Diferentes investigaciones sobre el medioambiente se han centrado en los alrededores de lo que fuera "El Coloso", una de las fábricas más grandes de azúcar de caña en la Isla, pero el resultado de esos estudios nada ha cambiado la vida de los residentes en San Germán, intoxicados por años con los desechos sin que las autoridades tomen partido sobre este asunto.

Armando, un vecino del barrio Los Pinos, se queja de los desagües de la planta productora de sacharomiza (una melaza para alimento animal), emplazada a un costado del ingenio azucarero.

"La peste de esa zanja llega hasta las aulas de la escuela secundaria Máximo Gómez, lo que molesta a alumnos y trabajadores. Lo mismo sucede con el bagacillo que se cuela en las aulas. Eso es algo que a nosotros nos parece sin solución de por vida", argumenta.

También los vecinos de Calera se quejan del daño medioambiental que causan los residuos del horno para la extracción y fabricación de cal (de ahí el nombre del barrio), que hacen peligrar la salud de los pobladores de la zona. Las autoridades han dicho que se han tomado medidas para proteger a los trabajadores, pero los vecinos siguen siendo los mayores afectados.

"Sí hay personas con problemas de falta de aire, que padecen coriza todo el tiempo, pero los especialistas no te van a dar las cifras, ni aceptan nunca que sea producido por esa fábrica, que es del Estado", dice Rubén, quien por mucho tiempo vivió en Calera y desde que se mudó a una zona apartada del pueblo, vio mejorar la salud de sus dos hijas menores.

Este lugareño dice que se cansó "de hablar con todo el mundo". "Los especialistas en Holguín me decían una cosa y las autoridades aquí la negaban y hacían otra. Estoy seguro que casi todos los trabajadores del horno de cal están enfermos, pero eso no se puede andar voceando. Entonces ¿cómo estarán los que todavía viven a cincuenta metros de la fábrica?, se pregunta.

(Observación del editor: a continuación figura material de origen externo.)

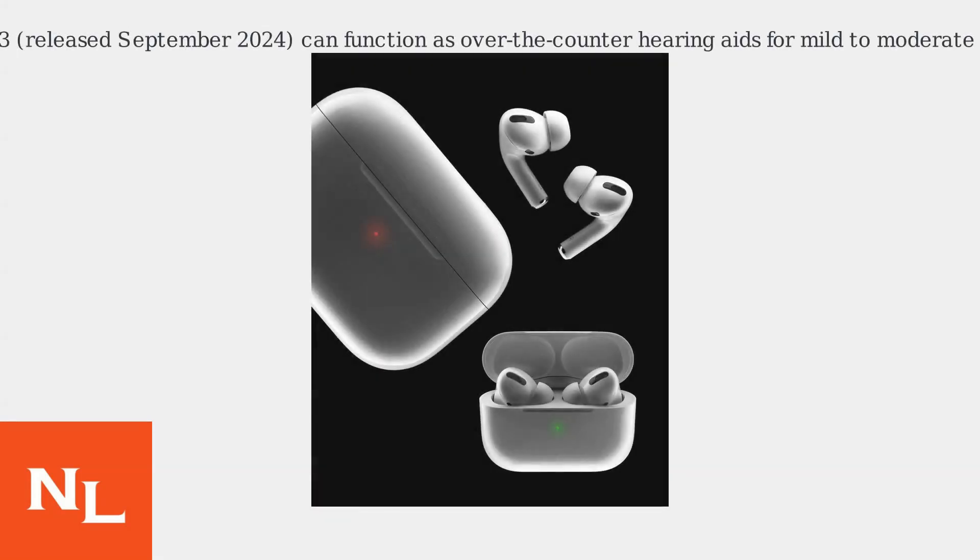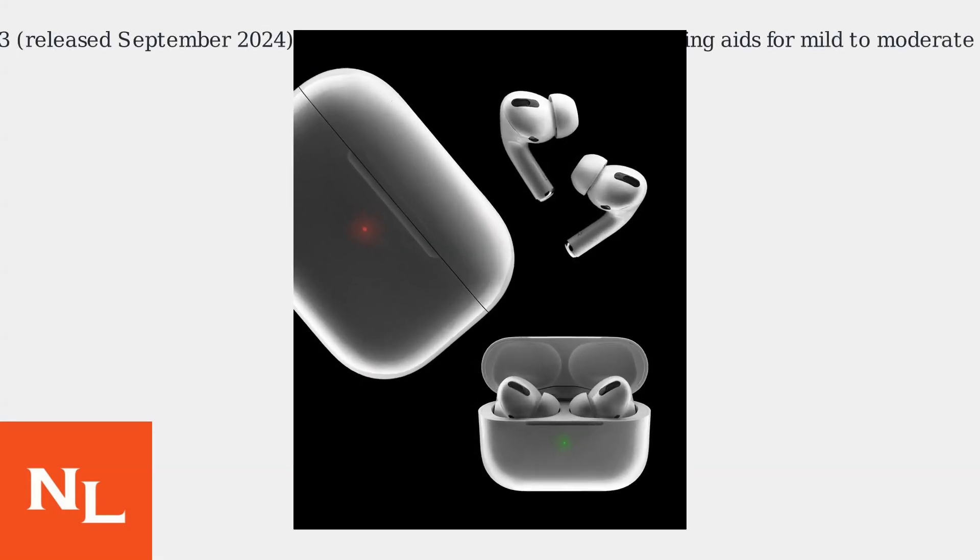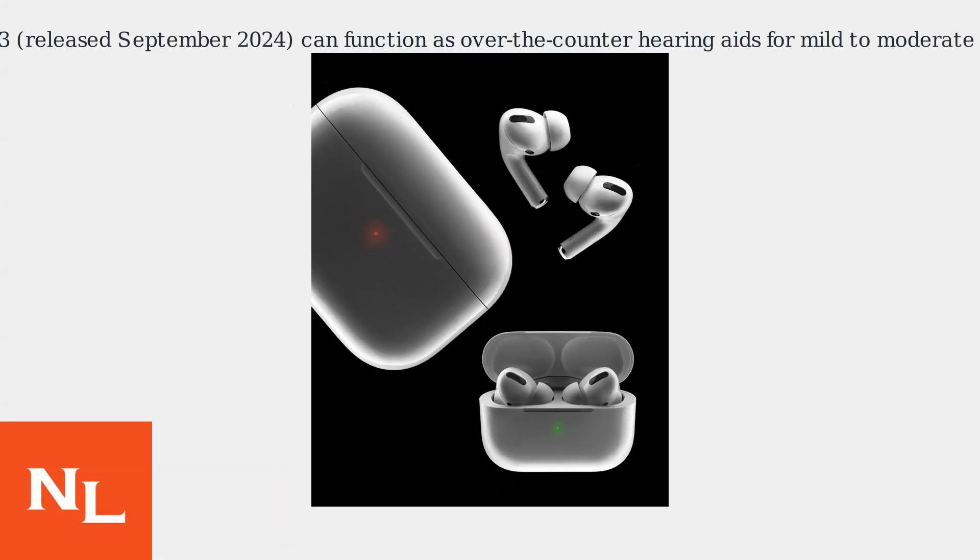AirPods Pro 3, released in September 2024, can function as over-the-counter hearing aids for mild to moderate hearing loss.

Dos fuentes médicas consultadas no se atrevieron a dar datos ni opinar sobre lo que a vista de todos es una violación flagrante de las normas medioambientales. Los sitios de la intranet (una red nacional) cubana no publican tampoco datos concretos sobre la contaminación ambiental en la localidad para el dominio público.

'En Moa, la verdad se abre camino'

Este texto de una canción de la orquesta Los Van Van se hizo popular por los años ochenta. El pegajoso ritmo aludía a los logros de la única zona niquelífera del país, denominada "Obra de Choque de la Juventud Cubana", un apelativo que quedó ancho para las expectativas de vida de los habitantes de la región minera de Moa.

Un estudio circulado por médicos disidentes del lugar hace más de un año arrojó que un alarmante 83,42% de los 926 trabajadores consultados de la planta Che Guevara tenían alterado los valores sanguíneos, un 42,33% presentaba problemas respiratorios, y un 66,33% padecía reforzamiento en los pulmones con signos radiológicos.